Metadata-Version: 2.4
Name: dataknobs-xization
Version: 1.1.0
Summary: Text normalization and tokenization tools
Author-email: Spence Koehler <KoehlerSB747@gmail.com>
Requires-Python: >=3.10
Requires-Dist: dataknobs-common>=1.0.0
Requires-Dist: dataknobs-structures>=1.0.0
Requires-Dist: dataknobs-utils>=1.0.0
Requires-Dist: nltk>=3.9.1
Description-Content-Type: text/markdown

# dataknobs-xization

Text normalization and tokenization tools.

## Installation

```bash
pip install dataknobs-xization
```

## Features

- **Markdown Chunking**: Parse and chunk markdown documents for RAG applications
  - Preserves heading hierarchy and semantic structure
  - Supports code blocks, tables, lists, and other markdown constructs
  - Streaming support for large documents
  - Flexible configuration for chunk size, overlap, and heading inclusion
- **Text Normalization**: Standardize text for consistent processing
- **Masking Tokenizer**: Advanced tokenization with masking capabilities
- **Annotations**: Text annotation system
- **Authorities**: Authority management for text processing
- **Lexicon**: Lexicon-based text analysis

## Usage

### Markdown Chunking

```python
from dataknobs_xization import parse_markdown, chunk_markdown_tree

# Parse markdown into tree structure
markdown_text = """
# User Guide
## Installation
Install the package using pip.
"""

tree = parse_markdown(markdown_text)

# Generate chunks for RAG
chunks = chunk_markdown_tree(tree, max_chunk_size=500)

for chunk in chunks:
    print(f"Headings: {chunk.metadata.get_heading_path()}")
    print(f"Text: {chunk.text}\n")
```

For more details, see the [Markdown Chunking documentation](docs/markdown/MARKDOWN_CHUNKING.md).

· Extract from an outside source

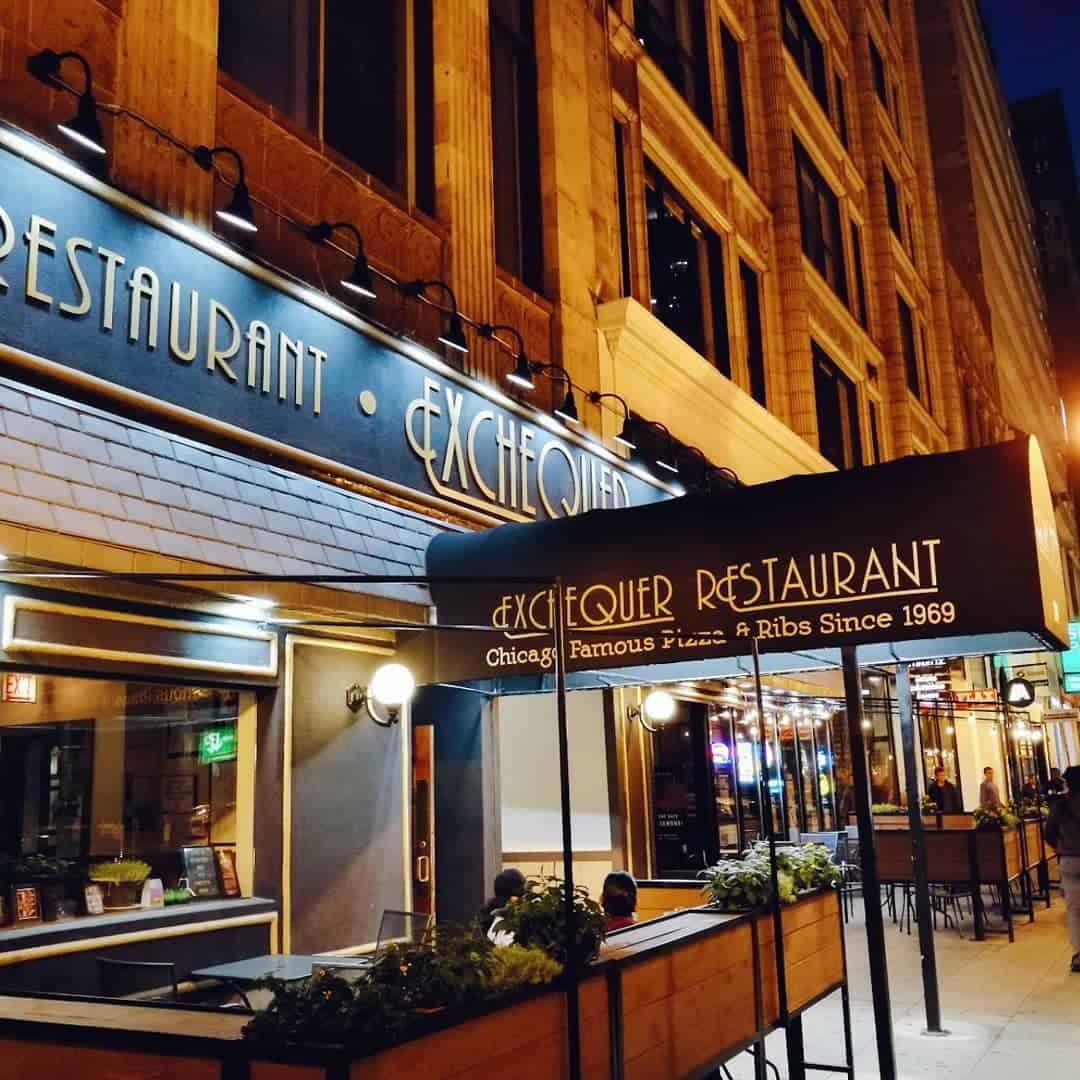 Dans les années 20, ce restaurant était un «speakeasy» soit un bar clandestin à l'époque de la prohibition!Il s'appelait le «226 club» et était fréquenté par Al Capone en personne...J'aurais bien aimé voir d'autres lieux sur cette période où la mafia gangrénait Chicago mais je n'ai pas eu le temps😞.... #chicago #chicagomafia #mafia #alcapone #ganster #restaurants #chicagorestaurants #chicagoplaces #chicagohistory #deepdish #chicagoeats #illinois #usa #usatravel #etatsunis🇺🇸 #etatsunis #america #americanroadtrip #travelpic #travel #voyages #bloggeuse #travelblogging #voyageuse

### Text Normalization and Tokenization

```python
from dataknobs_xization import normalize, MaskingTokenizer

# Text normalization
normalized = normalize.normalize_text("Hello, World!")

# Tokenization with masking
tokenizer = MaskingTokenizer()
tokens = tokenizer.tokenize("This is a sample text.")

# Working with annotations
from dataknobs_xization import annotations
doc = annotations.create_document("Sample text", {"metadata": "value"})
```

## Dependencies

This package depends on:
- `dataknobs-common`
- `dataknobs-structures`
- `dataknobs-utils`
- nltk

## License

See LICENSE file in the root repository.